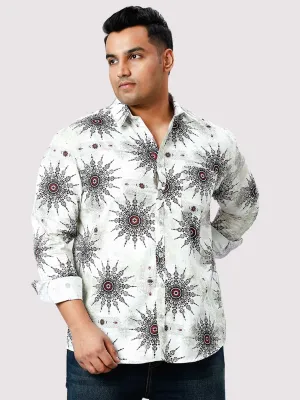 Thunder Eye Digital Printed  Full Sleeve Shirt Men's Plus Size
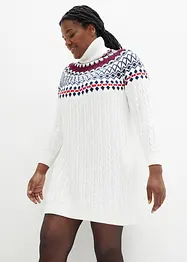 Robe en maille norvégienne avec motif torsadé, bonprix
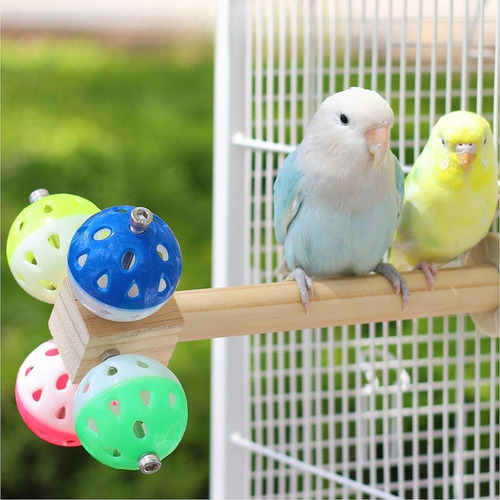 Rama De De Pájaros Perioete De Juguete De Madera Jugando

■ About this exercise
Would you repeat the complete listing exactly, excluding each picture it holds?

■ Task solution
 Thunder Eye Digital Printed  Full Sleeve Shirt Men's Plus Size
 Robe en maille norvégienne avec motif torsadé, bonprix
 Rama De De Pájaros Perioete De Juguete De Madera Jugando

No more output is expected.